Dazu gehöre, sich auf einen Fahrplan zum Frieden zu verpflichten. „Auch die Türkei ist gefordert, auf seinen Verbündeten Aserbaidschan einzuwirken und eine dauerhafte Friedenslösung durchzusetzen“, so Hardt.

Trittin: Putins Großmachtfantasien destabilisieren Kaukasusregion

Trittin sagte, die ständigen Provokationen Aserbaidschans seien auch Ausdruck des schwindenden Einflusses Russlands in der Region.
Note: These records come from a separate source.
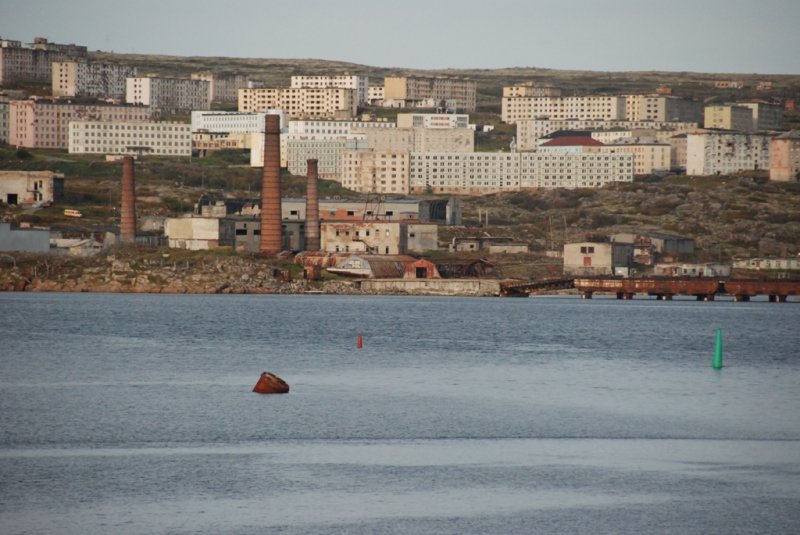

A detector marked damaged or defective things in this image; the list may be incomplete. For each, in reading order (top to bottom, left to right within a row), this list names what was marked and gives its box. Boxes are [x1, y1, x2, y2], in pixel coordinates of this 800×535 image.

rusty floating object [253, 372, 290, 394]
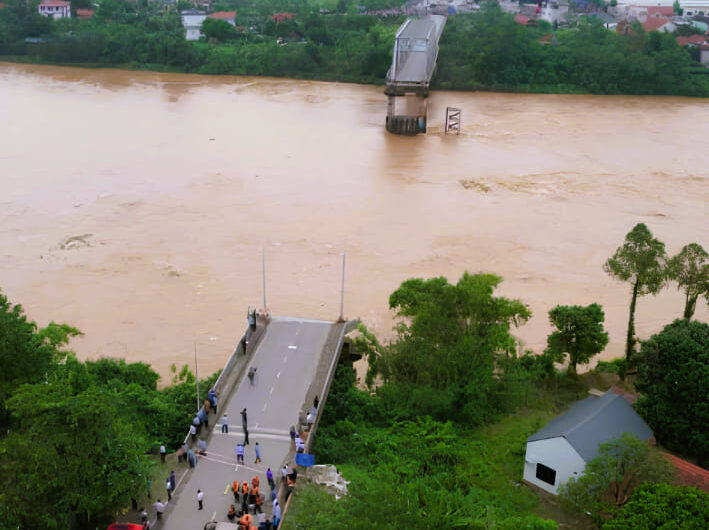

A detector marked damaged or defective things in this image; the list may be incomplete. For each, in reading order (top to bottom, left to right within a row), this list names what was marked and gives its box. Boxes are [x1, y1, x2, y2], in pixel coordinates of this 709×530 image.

broken bridge section [384, 16, 446, 134]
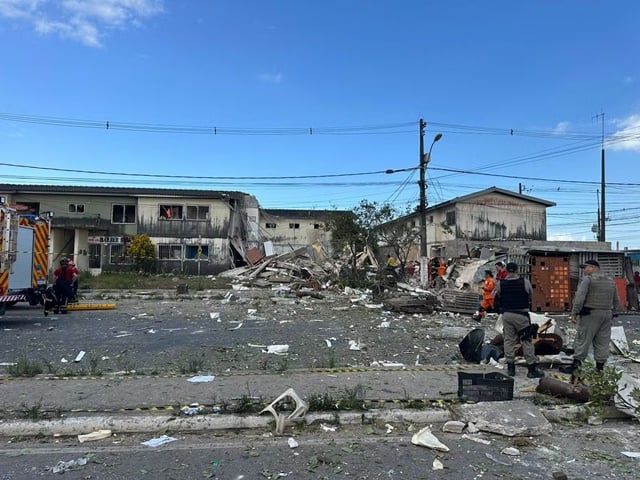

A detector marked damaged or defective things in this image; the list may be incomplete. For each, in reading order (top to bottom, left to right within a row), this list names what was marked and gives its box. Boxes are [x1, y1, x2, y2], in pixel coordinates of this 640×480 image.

broken window [111, 203, 136, 224]
broken window [109, 246, 132, 264]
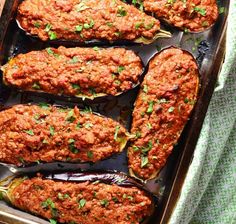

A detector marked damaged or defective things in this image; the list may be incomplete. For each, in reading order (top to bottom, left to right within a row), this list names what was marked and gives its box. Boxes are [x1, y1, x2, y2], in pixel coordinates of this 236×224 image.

charred spot on filling [16, 0, 160, 41]
charred spot on filling [144, 0, 219, 32]
charred spot on filling [1, 46, 143, 98]
charred spot on filling [0, 104, 127, 165]
charred spot on filling [127, 47, 199, 180]
charred spot on filling [10, 177, 153, 224]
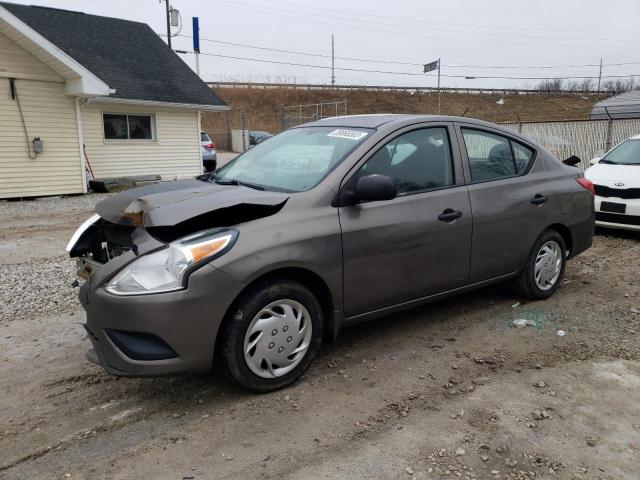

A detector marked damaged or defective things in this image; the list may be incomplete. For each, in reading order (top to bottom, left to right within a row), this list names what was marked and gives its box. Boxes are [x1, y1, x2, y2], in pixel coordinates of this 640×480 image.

crushed hood [95, 179, 290, 228]
broken headlight [105, 230, 238, 294]
damaged gray sedan [67, 114, 592, 392]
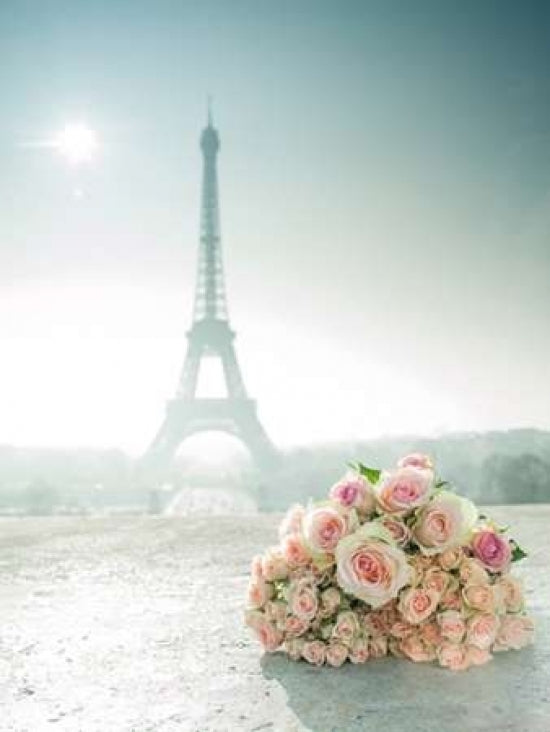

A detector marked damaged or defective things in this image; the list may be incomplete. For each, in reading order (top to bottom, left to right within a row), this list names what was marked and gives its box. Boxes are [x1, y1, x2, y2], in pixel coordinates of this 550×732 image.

Die Großmachtfantasien von Russlands Präsident Wladimir Putin würden auch die Kaukasusregion weiter destabilisieren.

Nach Einschätzung von Stephan Malerius, Leiter der Südkaukasus-Dependance der Konrad-Adenauer-Stiftung, will Aserbaidschan den Druck erhöhen: „Die Blockade des Latschin-Korridors durch Aserbaidschan dient vor allem dazu, den Druck auf Armenien zu erhöhen, bis Ende des Jahres ein Friedensabkommen mit Aserbaidschan zu unterzeichnen“, sagte Malerius dem RND.

Armenien habe in diesem Zusammenhang bereits im Herbst ein sehr wichtiges Zugeständnis gemacht und sich bereit erklärt, die territoriale Integrität Aserbaidschans anzuerkennen und damit auch, dass Berg-Kara­bach zu Aserbaidschan gehört, so der Südkaukasusexperte.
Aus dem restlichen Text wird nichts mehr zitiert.